What Is Multiple Inheritance?
Multiple inheritance means a class inherits from more than one parent.
Child → Parent1
→ Parent2
❌ Java does not allow this with classes
✔ Java allows this using interfaces
Why Java Disallows Multiple Inheritance with Classes
Diamond Problem (Ambiguity)
class A {
void show() { }
}
class B extends A {
void show() { }
}
class C extends A {
void show() { }
}
// class D extends B, C { } // ❌ Ambiguous
❓ Which show() should D inherit — from B or C?
👉 To avoid this ambiguity, Java prohibits multiple inheritance with classes.
How Interfaces Solve the Problem
- Interfaces do not carry state (no instance variables)

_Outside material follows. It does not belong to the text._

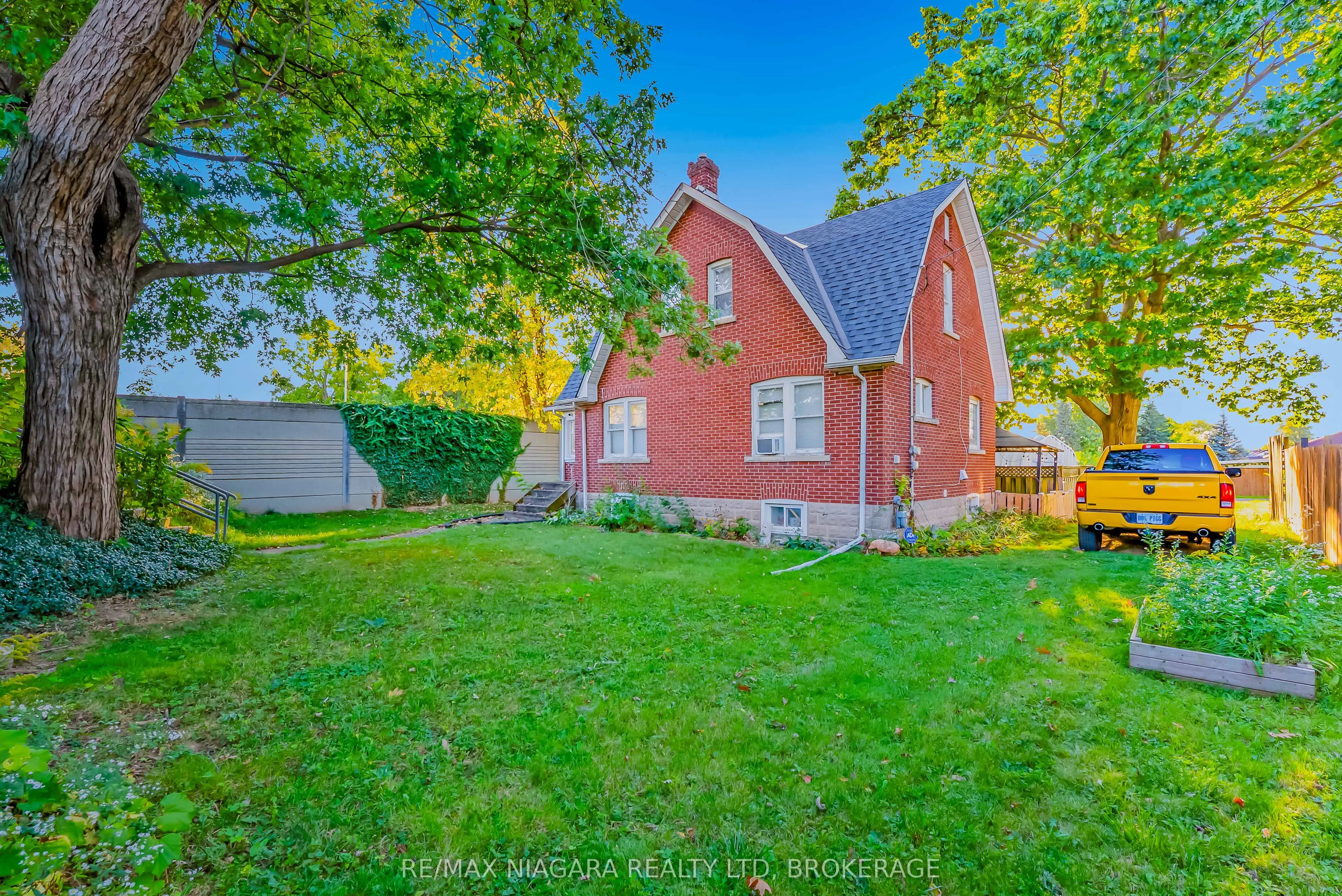 5365 Portage Road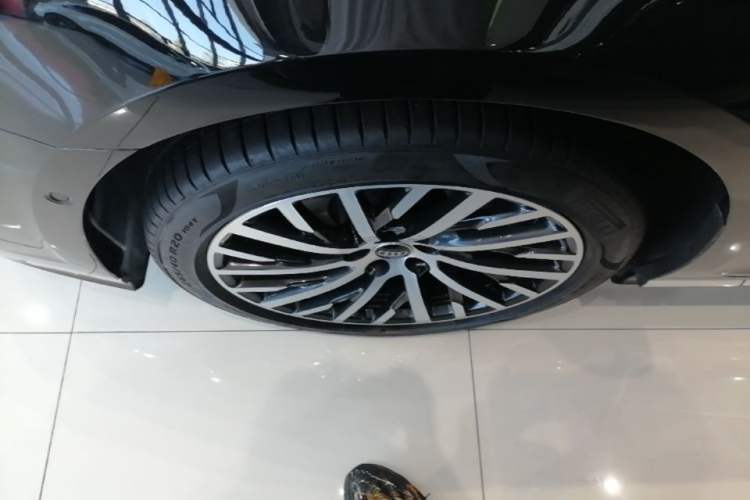 Used Audi A8 2024 A8L 50 TFSI quattro Prestige Edition Left Front Wheel Hub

- Methods are abstract by default
- Implementing class provides the implementation
- No ambiguity in behavior resolution
Basic Syntax: Multiple Inheritance Using Interfaces
interface A {
void show();
}
interface B {
void display();
}
class C implements A, B {
public void show() {
System.out.println("Show from A");
}
public void display() {
System.out.println("Display from B");
}
}
✔ One class
✔ Multiple interfaces
✔ No ambiguity
Key Rules (Interview Favorites)
- A class can implement multiple interfaces
class Test implements A, B, C { }
- A class must implement all interface methods
- Otherwise, the class must be declared abstract
- Interfaces use implements, not extends (for classes)

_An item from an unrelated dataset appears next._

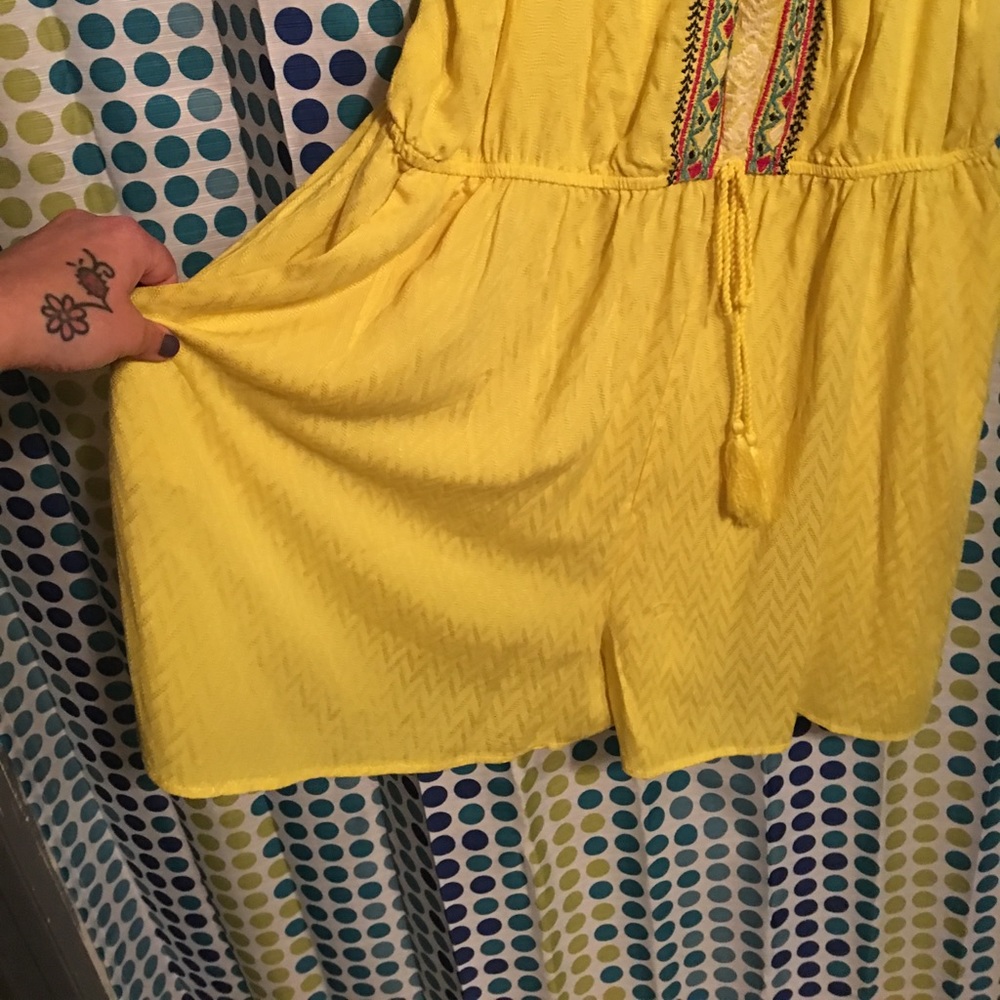 Romper - Picture 2 of 5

- Interfaces can extend multiple interfaces
interface C extends A, B { }
Multiple Inheritance with Method Name Conflict (Java 7 and Below)
interface A {
void show();
}
interface B {
void show();
}
class C implements A, B {
public void show() {
System.out.println("Single implementation resolves conflict");
}
}
✔ No ambiguity
✔ One implementation satisfies both interfaces
Java 8+ Default Method Conflict (Important)
Problem
interface A {
default void show() {
System.out.println("A");
}
}
interface B {
default void show() {
System.out.println("B");
}
}
class C implements A, B {
// ❌ Compile-time error
}
❌ Ambiguous default methods
Solution: Override the Method
class C implements A, B {
@Override
public void show() {
A.super.show(); // or B.super.show()
}
}
✔ Explicit conflict resolution
✔ Fully controlled behavior
Interface vs Class in Multiple Inheritance
| Aspect | Interface | Class |
|---|---|---|
| Multiple inheritance | ✅ Yes | ❌ No |
| State (variables) | ❌ No | ✅ Yes |
| Ambiguity | ❌ No | ❌ Yes |
| Implementation | Provided by class | Inherited |
| Safety | High | Risky |
Real-World Example (Interview-Friendly)
interface Camera {
void takePhoto();
}
interface GPS {
void navigate();
}
class SmartPhone implements Camera, GPS {
public void takePhoto() {
System.out.println("Taking photo");
}
public void navigate() {
System.out.println("Navigating");
}
}
✔ One device
✔ Multiple capabilities
✔ Clean design
Why Multiple Inheritance via Interface Is Powerful
- Supports loose coupling
- Enables plug-and-play behavior
- Avoids ambiguity
- Forms the backbone of Java frameworks
Examples:
- JDBC (Connection, Statement)
- Collections (List, Set, Map)
- Spring interfaces
Multiple Inheritance Using Interfaces: 20 Quick Examples
1. Basic Multiple Inheritance Using Interfaces
interface A {
void a();
}
interface B {
void b();
}
class C implements A, B {
public void a() {
System.out.println("Method A");
}
public void b() {
System.out.println("Method B");
}
public static void main(String[] args) {
C c = new C();
c.a();
c.b();
}
}
Output
Method A
Method B
2. Multiple Interfaces with Common Method Name
interface A {
void show();
}
interface B {
void show();
}
class C implements A, B {
public void show() {
System.out.println("Single implementation");
}
public static void main(String[] args) {
new C().show();
}
}
Explanation: One implementation satisfies both interfaces.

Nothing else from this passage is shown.